Journey has been the mainstay of Neal Schon's career since 1973 but he has also  enjoyed collaborating with others. A brace of LPs (Untold Passion and Here to Stay) recorded during the early 1980s with keyboardist Jan Hammer, demonstrated Schon's guitar work in a more progressive context, while his lead vocals lent some of the duo's material a decidedly MTV-friendly sheen.

Schon's next project, HSAS, with vocalist Sammy Hagar, could well be described as providing Hagar with his audition for Van Halen, such was the music's similarity to VH's trademark good-time Rock, laced with grandstanding guitar solos. One outstanding feature of Schon's work with HSAS was his use of the Roland GR-300 guitar synthesizer and GR-505 guitar controller. This early analogue guitar synth was primitive compared to Roland's modern digital guitar synths but in 1983 the GR-300 and 505 were right on the cutting edge; Schon uses both to good effect on the portentous Valley of the Kings', using the synth's harmonizer setting to provide appropriately majestic-sounding stacked harmonies.

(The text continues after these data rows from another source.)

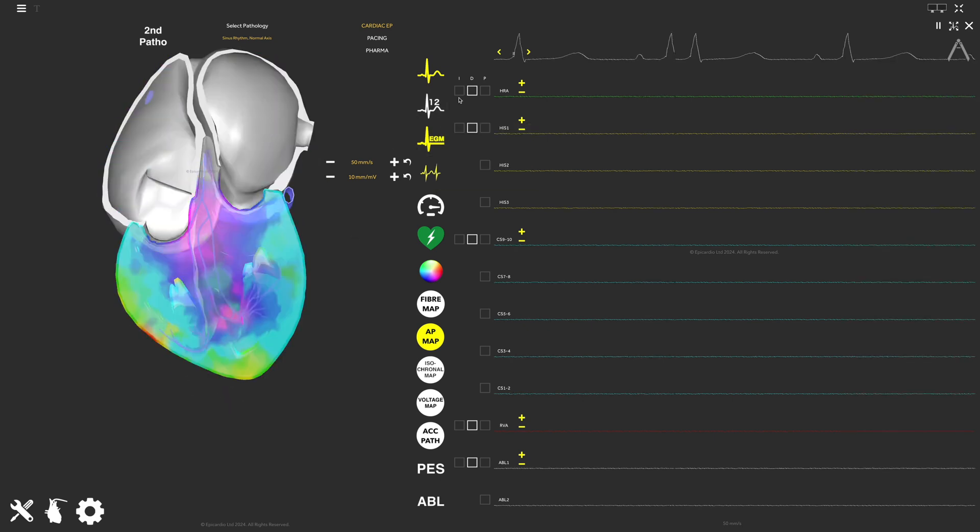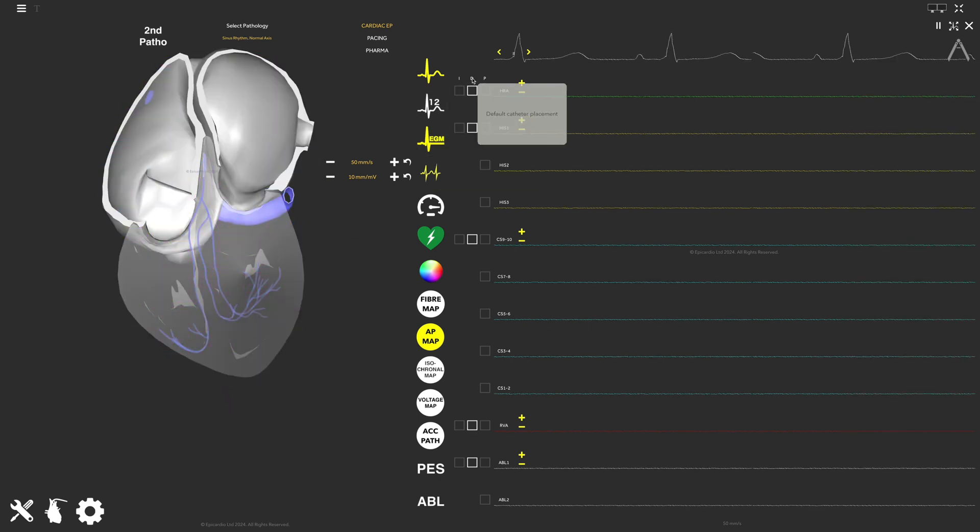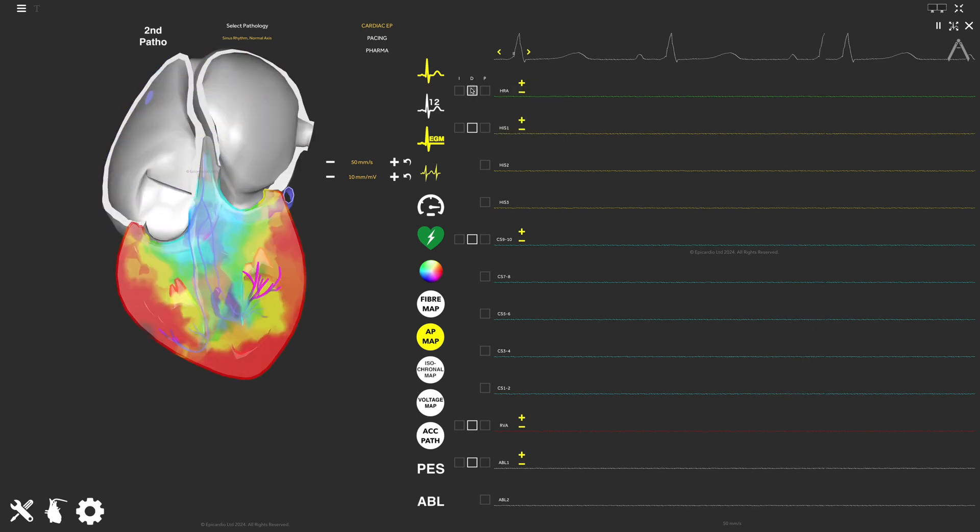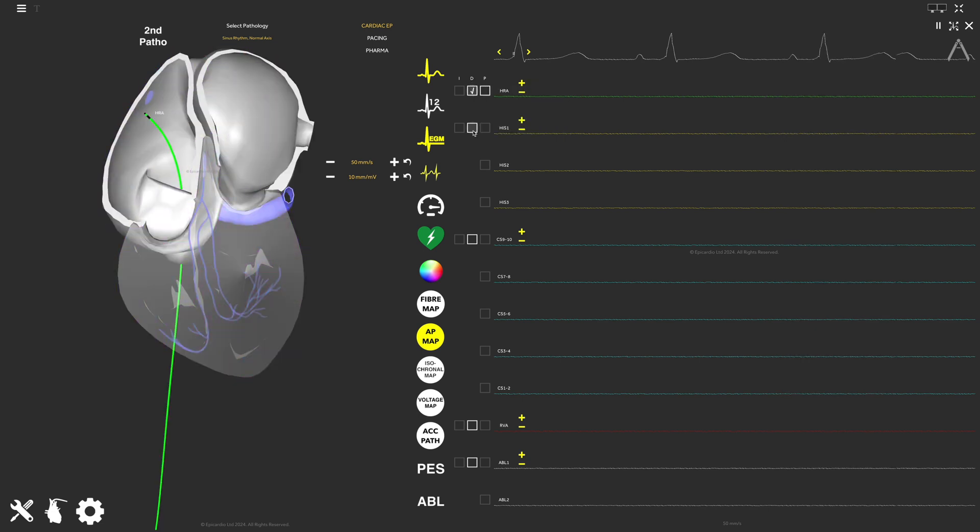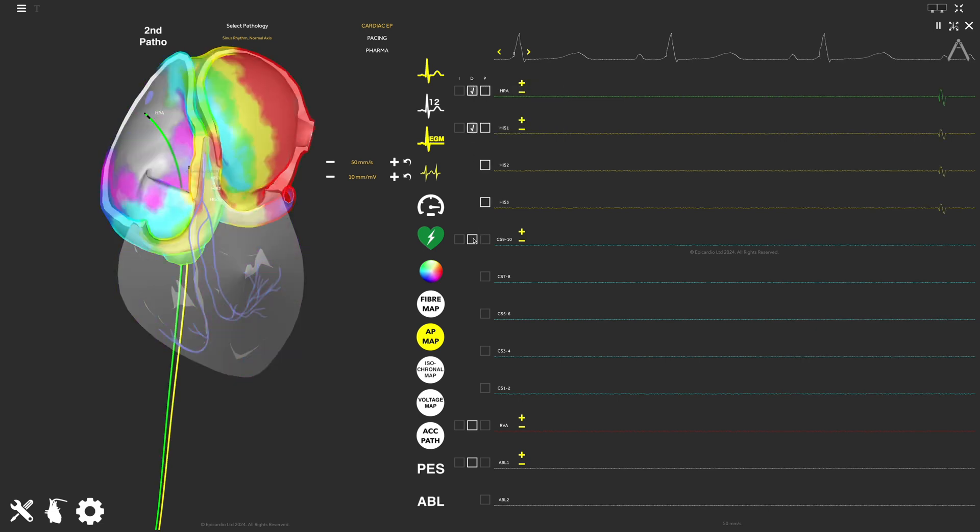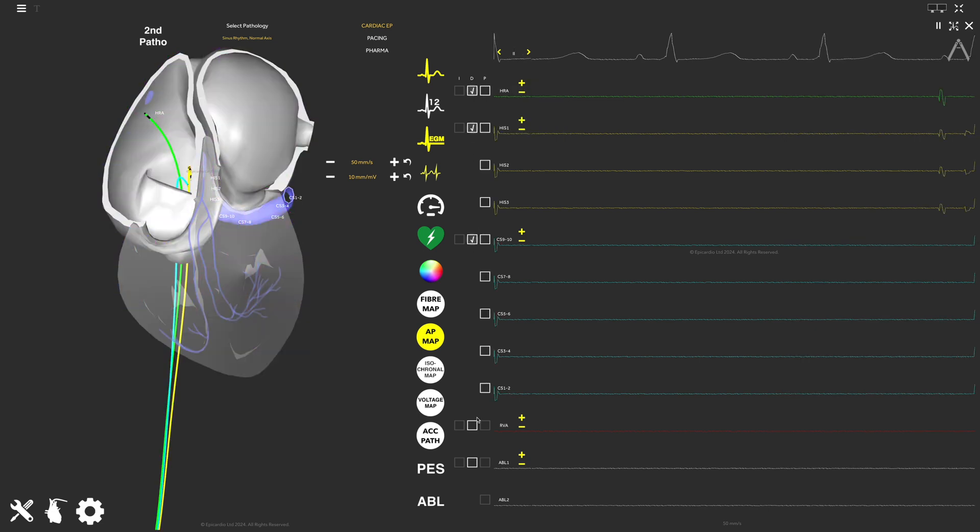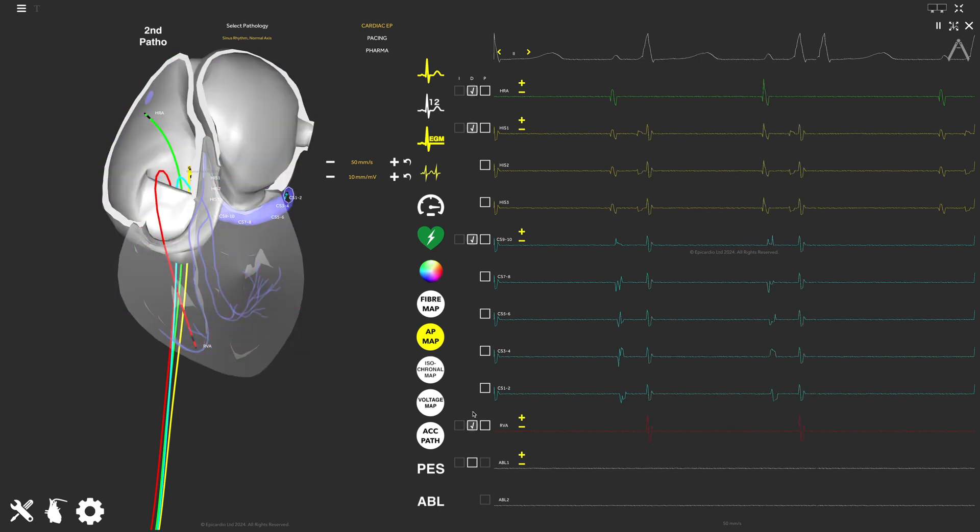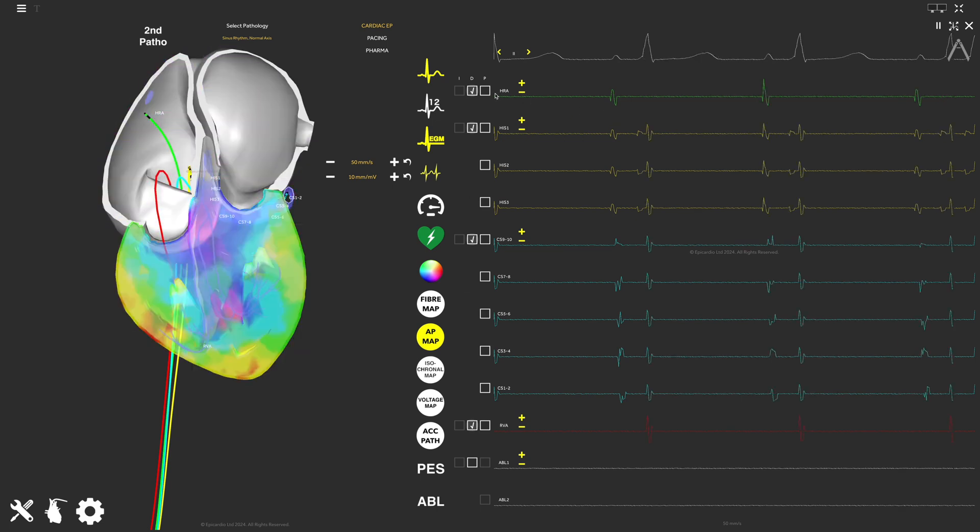By ticking the boxes under D, you can insert the EGM catheters to their default positions. You can insert the HRA, the HIS, the CS, and the RVA catheters.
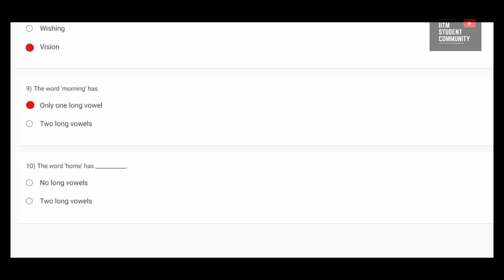It does not have any long vowel sound. Though it has a vowel O, but that's not a long vowel. So, the option 1 will be correct.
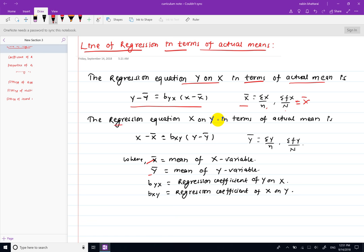Now, the regression equation of x on y in terms of actual mean method is: x minus x-bar is equal to b_xy into y minus y-bar.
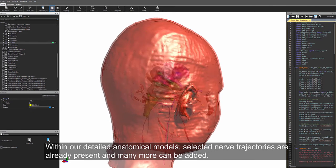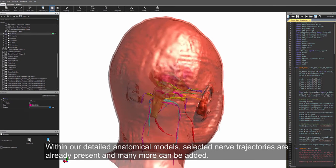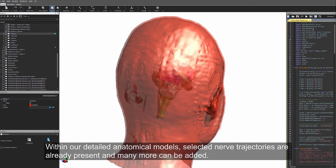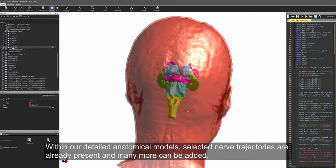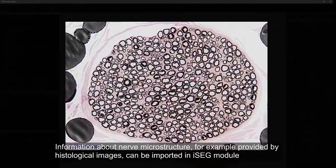Within our detailed anatomical models, selected nerve trajectories are already present and many more can be added.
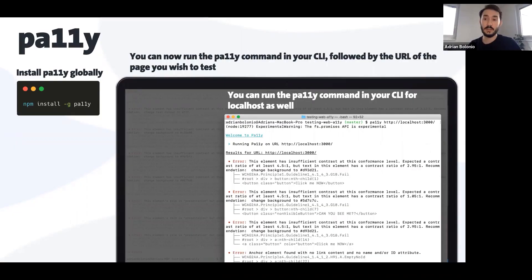You can also run PA11y against your localhost, so you don't need to deploy anything to a test environment or even production to be able to test this.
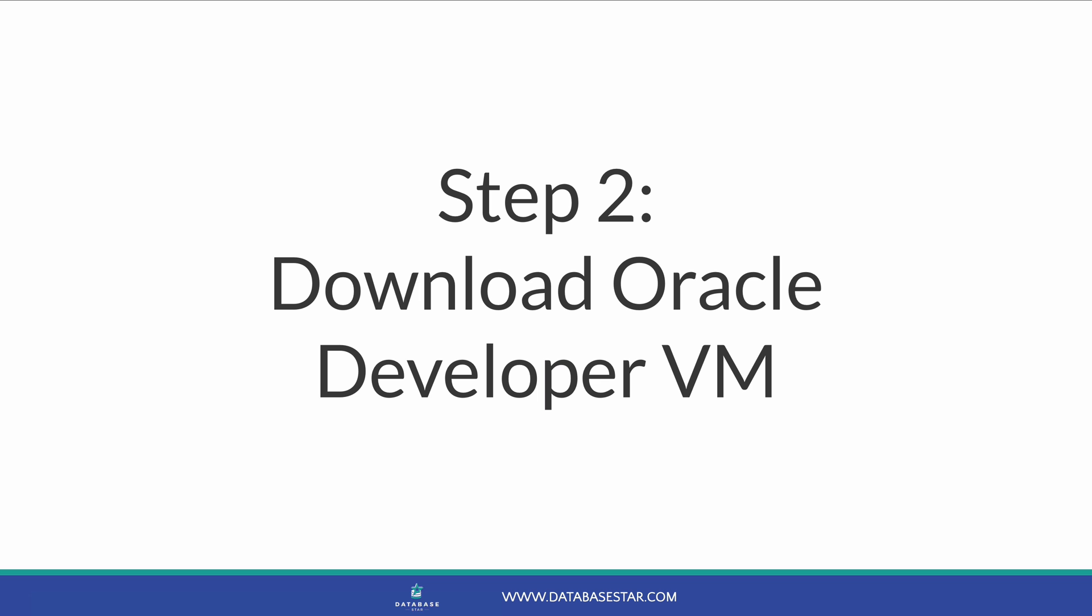Now you've got VirtualBox installed, you need to download the file that contains the Oracle database. This is the virtual machine and is provided by Oracle. It's called the Oracle Developer VM, or Oracle Developer Day VM, as it was originally created for developers, but it has expanded since then.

However, Journey was always going to be Neal Schon's natural home. Working on the kudos and reputation he had established during his short tenure with Santana, he had founded the band in 1973 with the view to using the outfit to provide a ready-made backing band for artists working in the San Francisco area. The original lineup - which also featured drummer Prairie Prince, later of The Tubes and Todd Rundgren - secured a recording deal with Columbia that, reflecting the climate of the time, allowed the band to develop, despite its first three albums failing to achieve any significant success (record companies today, take note! Ed).

Schon took singing lessons and began to incorporate harmony vocals into Journey's sound and with the addition of lead vocalist Steve Perry, who joined in late 1977, by the time that they recorded their fourth album Infinity (1978) Journey had finally arrived at their signature sound - a polished Pop/Rock crossover. Infinity helped to finally crack the US charts, making it to number 21 and marking the band's first platinum disc. And that was just the start!

It wasn't without a cost. Critics liked to sneer at the band's commercialism and lambasted both Schon and Journey for selling out' and exploiting their music and image beyond the supposedly acceptable boundaries of Rock, by licensing deals with computer games and... well, just about anything that was on offer. It was a curious criticism that could just as easily have been levelled against artists as far back as Elvis or the Beatles.

Neal Schon stayed loyal to Gibson guitars throughout most of his career with Journey, before moving to PRS, as he tells Stuart Bull in our interview. Originally favouring a distinctive wine red 1970s Les Paul Standard modified with a Floyd Rose vibrato and a P-90 single coil at the neck, similarly spec'd Les Pauls featured prominently amongst his guitar armory throughout the 1980s and 90s, with Marshall amplifiers also taking pride of place. During the mid '80s - in common with many guitarists of the era - Neal also briefly flirted with solid-state amplification in the form of Roland JC-120 Jazz Chorus combos. Today, of course, he is most associated with his signature PRS, which we have on review in this issue.

Neal's current rig is basically an updated version of his favourite setup. GI's Stuart Bull was treated to a full run-down of by both Neal himself and his tech, Adam Day.

I had written what I thought was an up to date run-down of Schon's current onstage line-up but the indefatigable Stuart Bull has an even more up to date version in our videos, so suffice it to say that the second major change in the Schon armoury has been the adoption of Fractal Audio's mind-blowing Axe FX II system. Apparently, not only does it deliver the sounds he wants but is helping to keep the onstage volume to a more tolerable level. A tinnitus sufferer, Neal is careful to control his onstage volume and even insists that he plays better onstage as well as in the studio, since he decided to reduce his volume levels.